I have had enough! Enough living in bondage to “stuff”
Ignorance is not lack of intelligence; it is lack of knowledge on a particular subject.
Measure your wealth not by the things you have, but by the things for which you would not take money.
Personal finance is who you are. If you are very disciplined, you can be a good saver of money. If you are very selfish or self-centered, you will surround yourself with expensive toys that you cannot afford.
I want to spend the first half of my life attaining wealth and the other half giving it away. Make all you can, save all you can, give all you can.
Many of the suggestions may not appear “fun” in the short run, but in actuality they are a lot more “fun” in the long run. The best way to get rich quick is to not get rich quick. Its a cash flow plan not a budget.
You must learn to negotiate everything. Always tell the truth. Use the power of cash. Understand and use “walk away power” Shut up. ”Thats not good enough” Good guy- bad guy. ”If I…..”-give, but take.
Cash Flow Planning meeting. Trent- listen, take input and keep it brief. Sarah – show up, give input, be realistic. You spenders need a saver or you will retire eating nothing. You savers need a spender in your life, so that you have a life. Take the time each week to plan as a couple to improve your communication.
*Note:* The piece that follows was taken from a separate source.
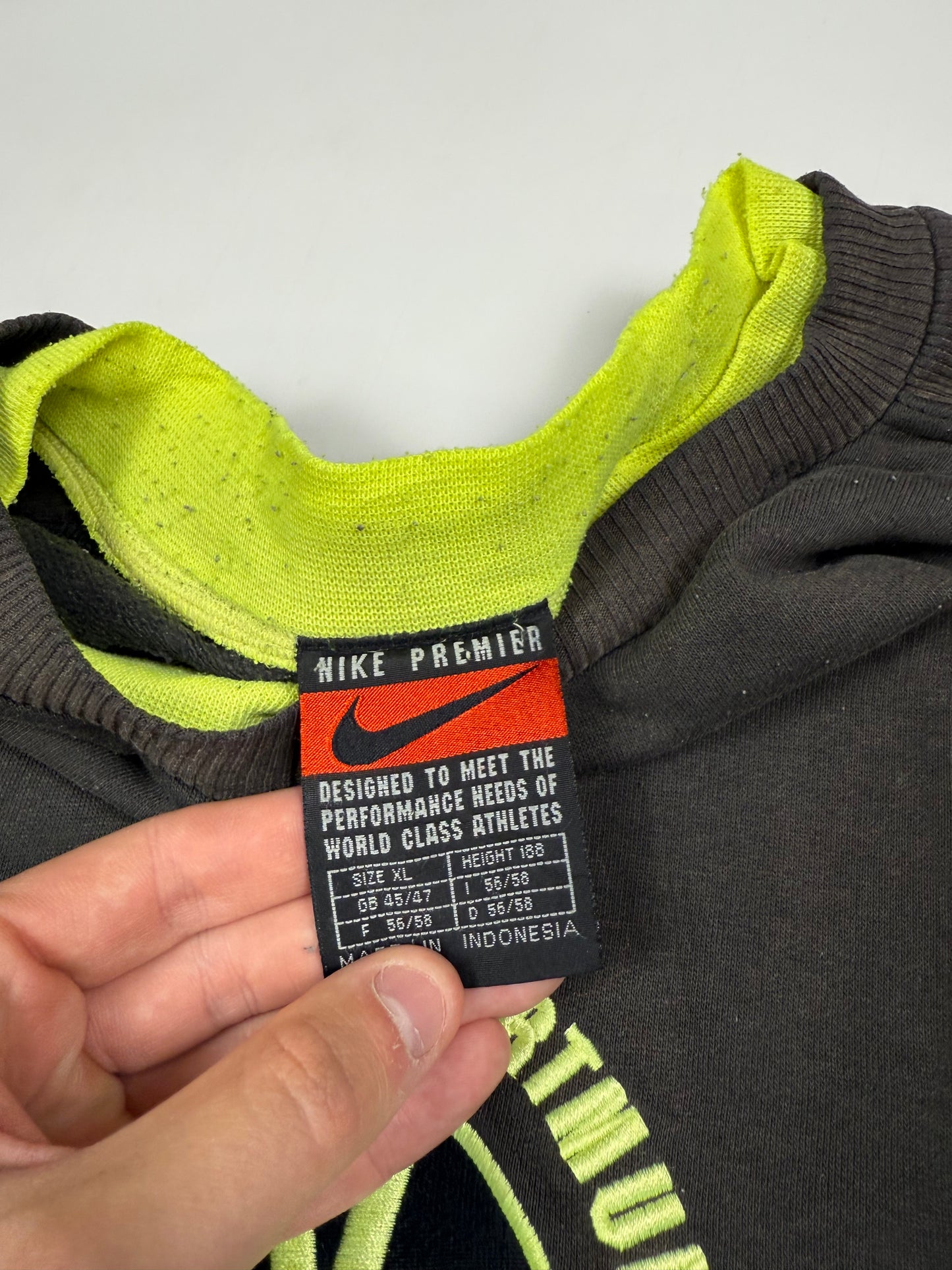 Vintage Borussia Dortmund 1996/97 Nike football sweatshirt (XL)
Your children are watching how you spend money. ”Tell me, and I’ll forget. Show me, and I may not remember. Involve me, and I’ll understand” Giving makes your children les self-centered. Easton needs to be paid commission on the spot at his age so that they are more willing to do the chore the next time and use a clear container to watch the money grow and decrease in size.
401TRENT for saving up for cars or other big items. Match the amount that they saved for the item.
We do what we really want to do. If you truly want to change certain areas of your life to avoid pain and then prosper, you will have to try new ways of doing things.
We are spiritual beings and when you neglect that aspect of your life, you do not run on full power.
three tough words. SACRIFICE, DISCIPLINE, and PATIENCE
You will never find real peace from any amount of manipulation of earthly “stuff” The only real peace is the “peace that passes all understanding” through Christ. I never found true contentment, true peace through any method or formula until I found him.
1. Avoid “Stuffitis” – The Worship of “Stuff”
2. Plant Seeds – Give money away to Worthy Causes
3. Develop Your Own “Power over Purchase”
4. Find Where You Are Naturally Gifted – Enjoy Your Work and Work Hard
5. Live Substantially Below Your Income
6. Sacrifice Now So You Can Have Peace Later
7. You Can Always Spend More Than You Can Make
8. The Borrower Is the Servant to the Lender; So Beware!
9. Check Your Credit Report at Least Once Every Two Years
10. Handle Credit Report Corrections Yourself
11. Realize that the Best Way for Delinquent Debt to Be Paid Is for You, Not Collectors, to Control Your Financial Destiny
12. You Must Save Money (the Power of Compound Interest)
13. Use the “Keep It Simple, Stupid” Rule of Investing
14. Only People Who Like Dog Food Don’t Save for Retirement
15. Always Save with Pretax Dollars – It is the Best Deal the Government Gives You
16. Learn Basic Negotiating Skills for Great Buys
17. Learn Where to Find Great Buys (the Treasure Hunt)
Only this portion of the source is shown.